Hunter Biden’s so-called “sugar brother” Kevin Morris has told associates that he can’t afford to cover the mounting legal bills incurred by the first son, who’s set to face two trials starting next month.

“The reason Kevin got involved financially in the first place was that he could see that no one was going to help Hunter,” a person close to the Hollywood entertainment lawyer told Politico.

“Now, four and a half years later, there’s still no help — and now Kevin is completely tapped out,” the person added. “So just when Hunter is facing two criminal trials starting in a few weeks, he has no resources.
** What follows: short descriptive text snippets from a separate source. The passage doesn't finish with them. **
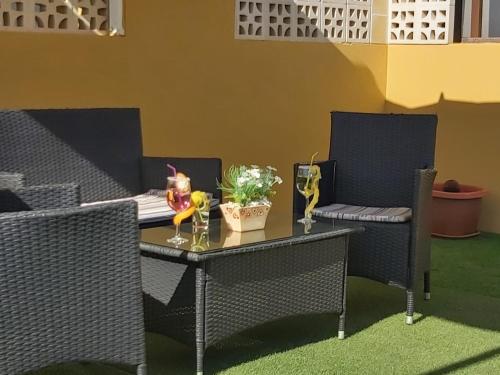 810 Aguamarina apartment in the coast line of Golf del Sur ...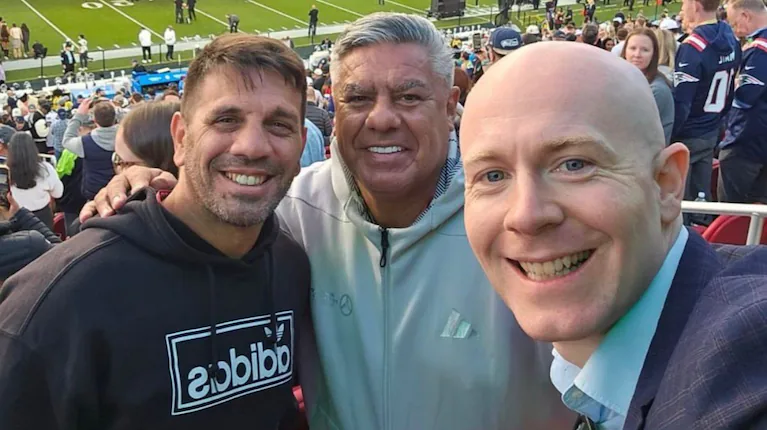 claudio-chiqui-tapia-presente-en-el-super-bowl-junto-al-asesor-legal-de-la-afa-foto-instagram-chiquitapia-BURML5GQ75BINM57O5QJ4MQBFI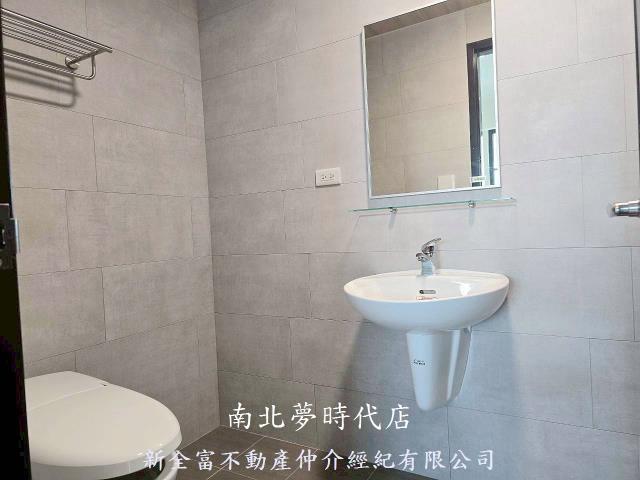 台南新市大樓-12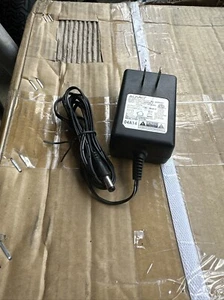 Auvio Adattatore AC DYS40-120250W-1 Cat. n.: 4000437 - Foto 1 di 3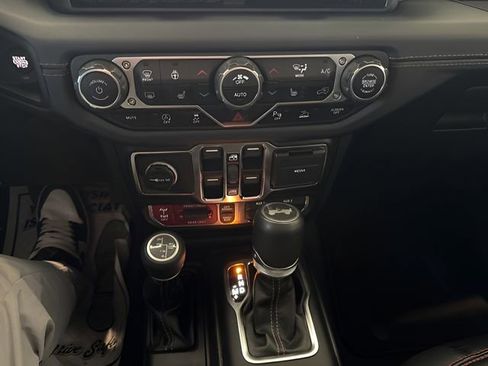 Used 2024 Jeep Wrangler Unlimited Rubicon image 14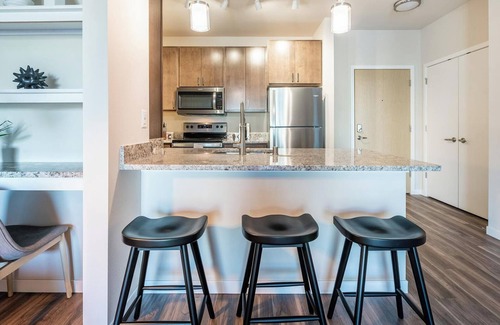 Newberry Apartment | Landing | Amazing 2BD, Gym, Pool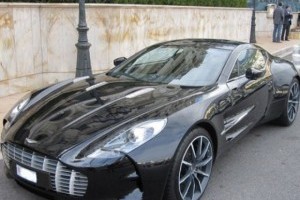 Primul Aston Martin One-77 a fost livrat in Monaco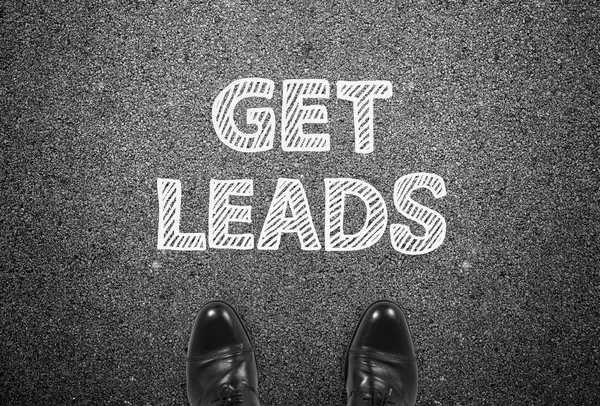 Get leads writing on ground — Stock Photo, Image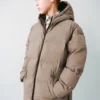 Anorak long rembourré avec capuche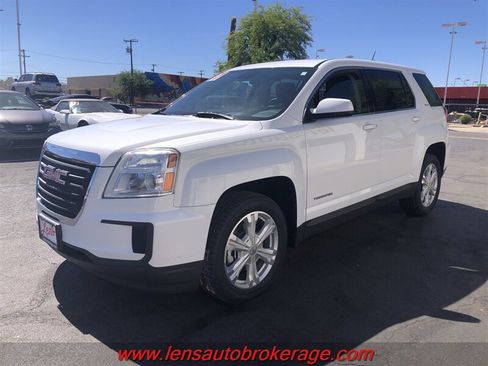 Used 2017 GMC Terrain SLE FWD image 4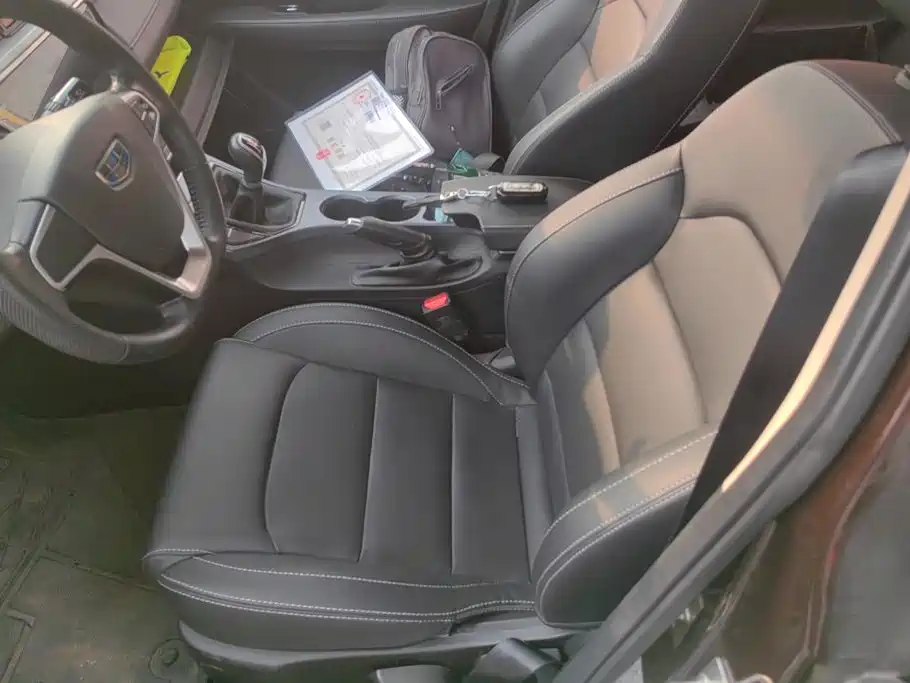 Geely Emgrand — миниатюра 9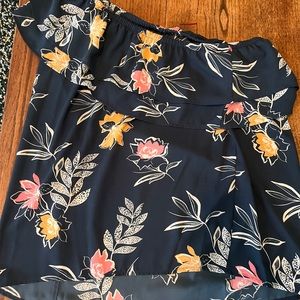 APT 9 one shoulder blouse NEVER WORN Size Medium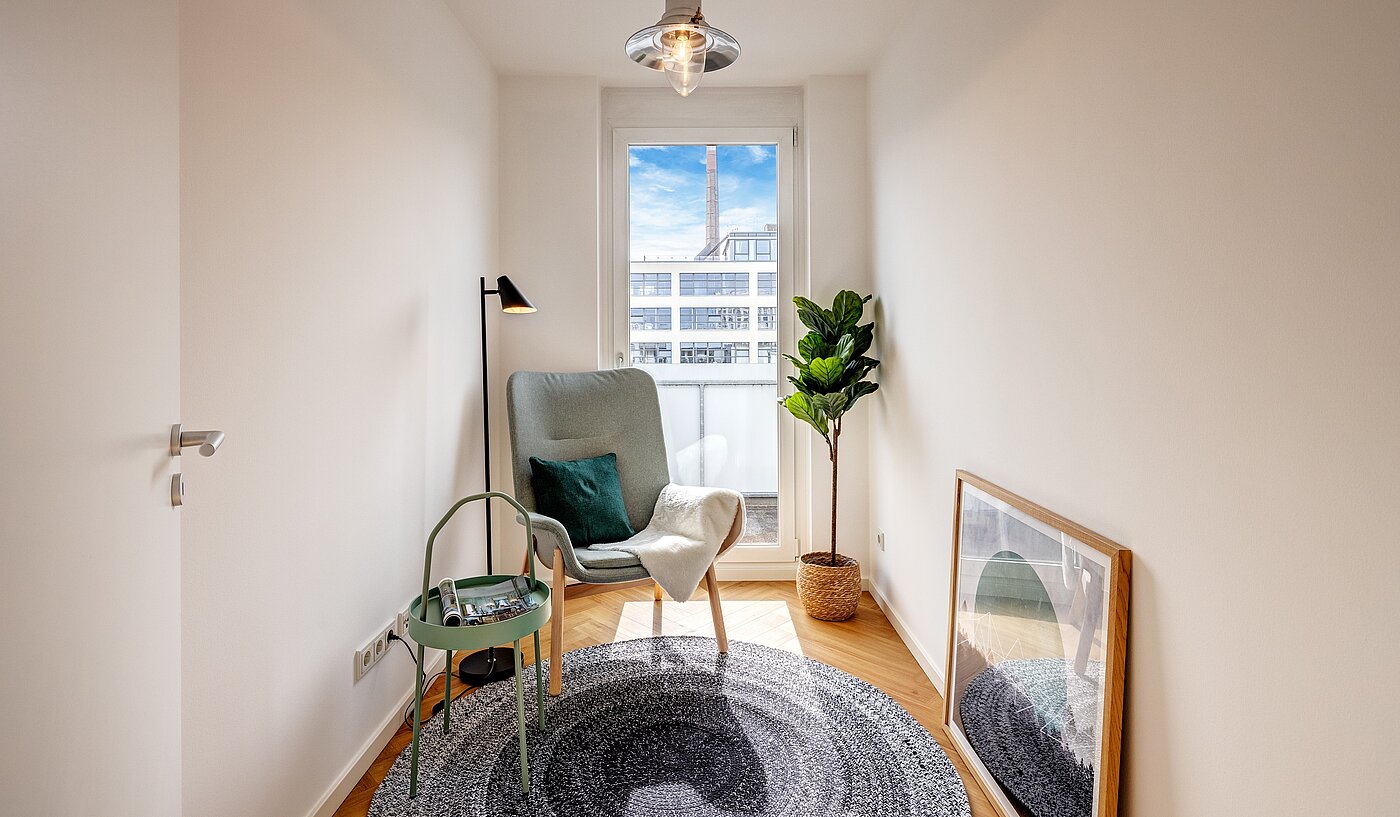 플랫 와 함께 2.5 객실 | München-Schwanthalerhöhe | 2210ML2 | Arbeitszimmer mit Terrassenzugang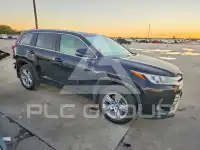 2017 Toyota Highlander фото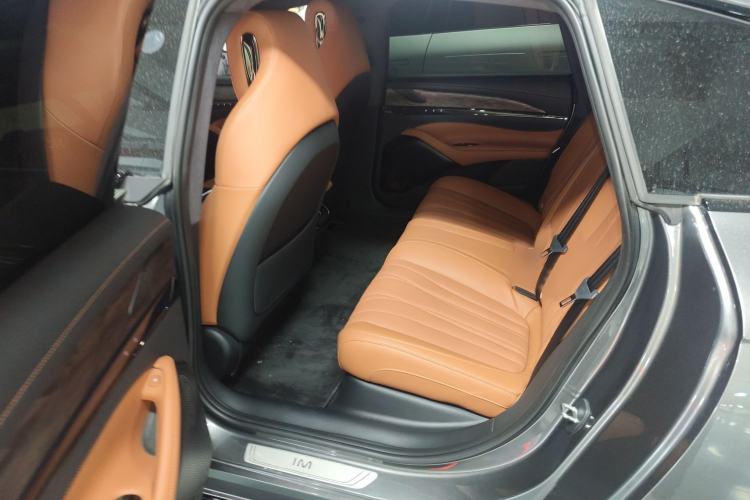 Used  L7 2022 Dynamic Model
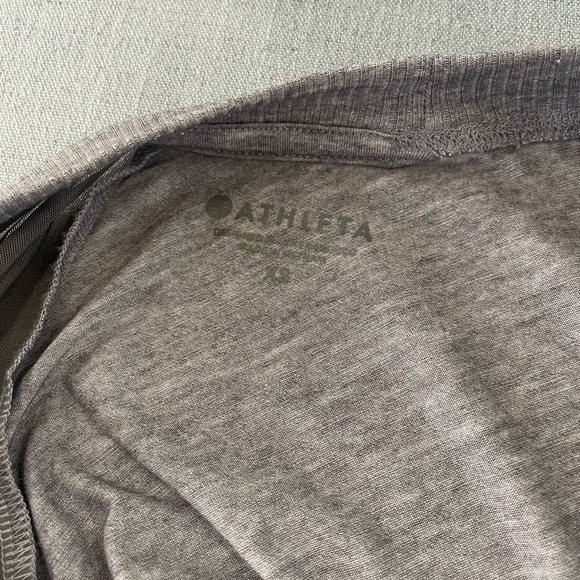 Athleta Long Sleeve Top Size XS - Picture 3 of 3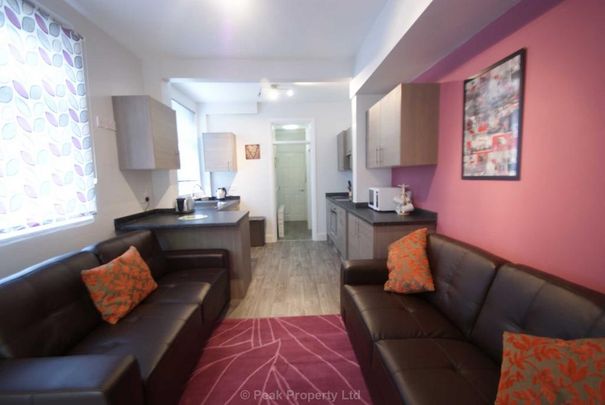 6 bedroom house share to rent - Photo 1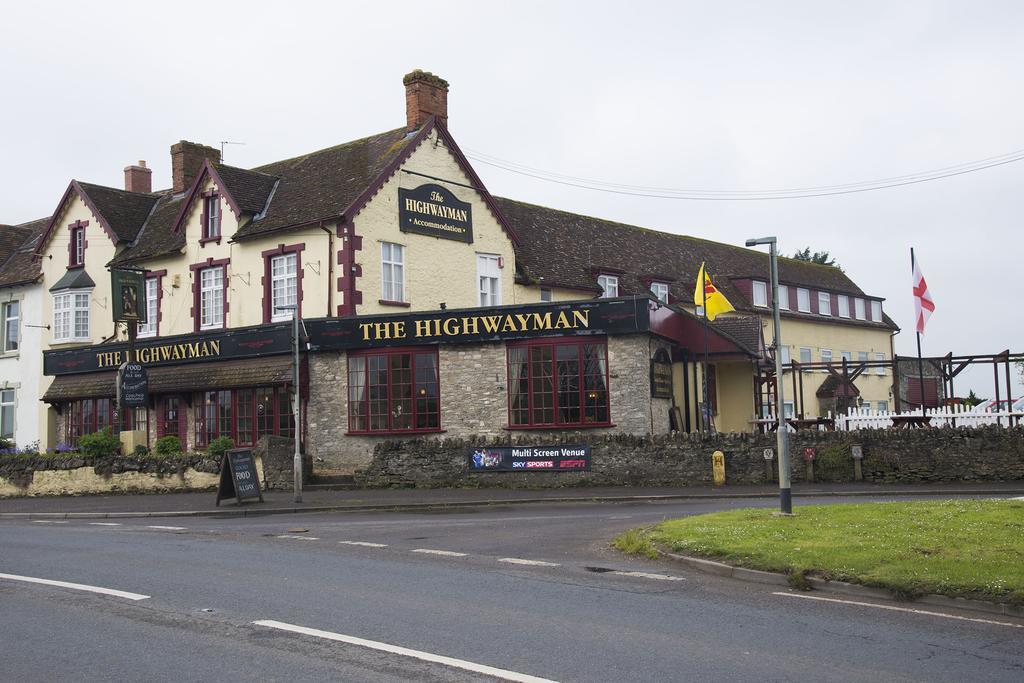 The Highwayman Inn Shepton Mallet Exterior foto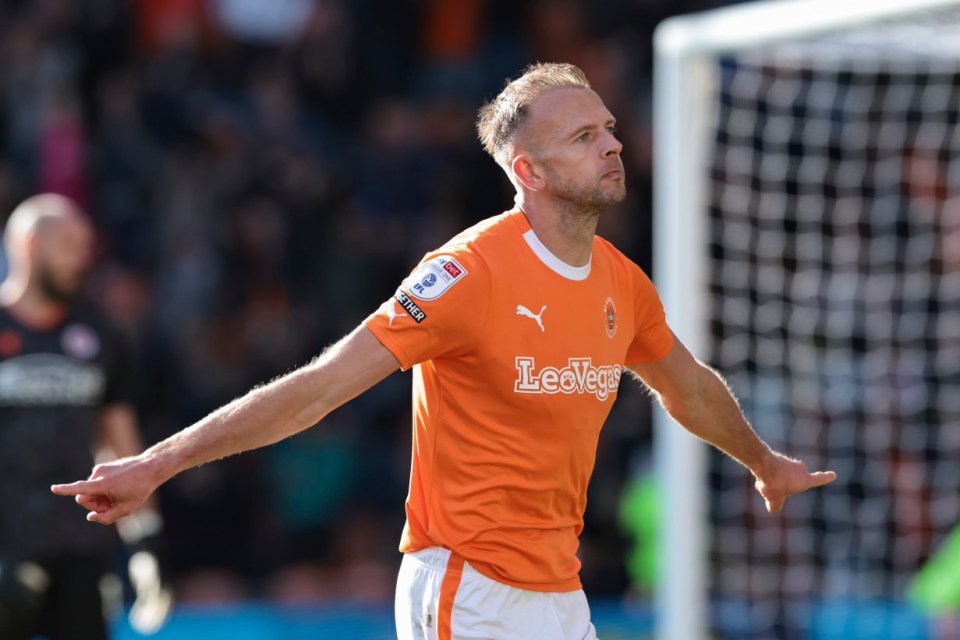 BLACKPOOL, ENGLAND - SEPTEMBER 23: Blackpool's Jordan Rhodes celebrates scoring his side's fourth goal and his hat-trick during the Sky Bet League One match between Blackpool and Reading at Bloomfield Road on September 23, 2023 in Blackpool, England. (Photo by Lee Parker - CameraSport via Getty Images)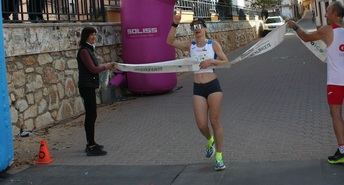 Eva Moreno y Gregorío Díaz triunfan en la XI Carrera Popular de Socovos, consolidando su dominio en el circuito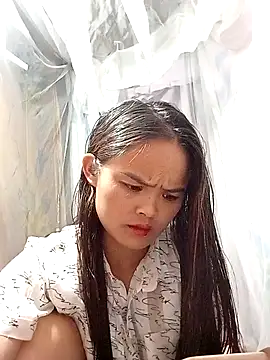 xinhxinhcute online show from October 3, 5:56 am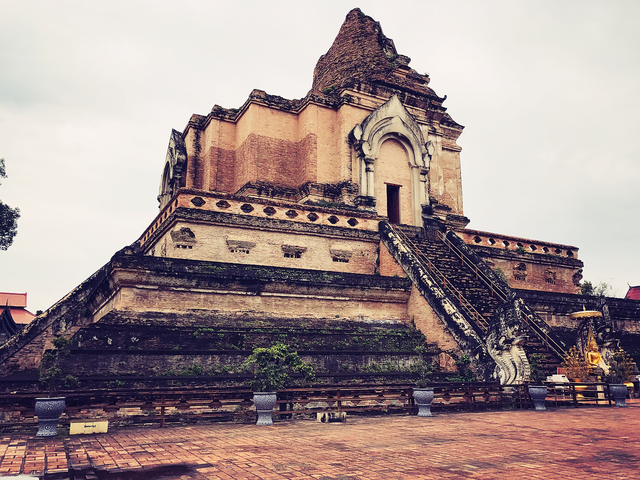  Chùa Wat Chedi Luang nằm ở ngoại ô thành phố Chiang Mai cũng là một trong những ngôi chùa thu hút khách tham quan nhất tại Chiang Mai. Du khách Hà Nội hiện đã có thể đáp chuyến bay thẳng từ HN tới Chiang Mai thông qua hãng Air Asia với giá vé chừng 1 triệu/ chiều và có 4 chuyến bay HN- Chiang Mai/ tuần 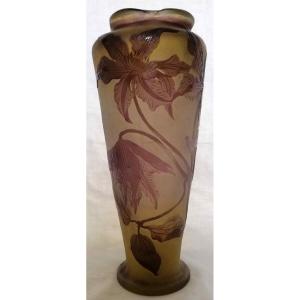 Vase en pâte de verre à l'image de clématites, du Maître verrier Emile Gallé (1846-1904)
It’s pretty dire.”

Morris, who earned a fortune representing the creators of the television series “South Park,” has loaned the president’s 54-year-old son more than $6.5 million since meeting him at a political fundraiser in late 2019.

The 60-year-old lawyer was interviewed by the House Ways and Means, Oversight and Judiciary Committees on Jan. 18 as part of the impeachment inquiry into the president and acknowledged paying “various attorneys” on behalf of Hunter Biden. 

Morris, citing attorney-client privileges, refused to tell lawmakers exactly how much he’s spent fronting the first son’s legal fees. 

Biden is facing three felony charges in a federal gun case out of Delaware, where he is slated to stand trial on June 3.

The embattled first son also has a June 20 trial date set in California, where he faces nine counts related to tax fraud.   

Morris’ financial constraints pose “a huge problem” for Hunter’s defense, the source told Politico, citing concerns about how expert witnesses will be paid. 

On Tuesday, Hunter’s attorney Abbe Lowell told the judge presiding over the Delaware gun case that the trial start should be pushed back because he and his team were struggling to lock down expert witnesses to testify on a variety of issues in the case, according to Politico.

Lowell explained that three experts have “tentatively agreed” to participate but the details were still being worked out.

He also claimed that defense “resources” have been strained by having to prepare for back-to-back trials on two different coasts.

The judge refused to move the Delaware trial start date. 

Hunter has pleaded not guilty to all charges in both cases.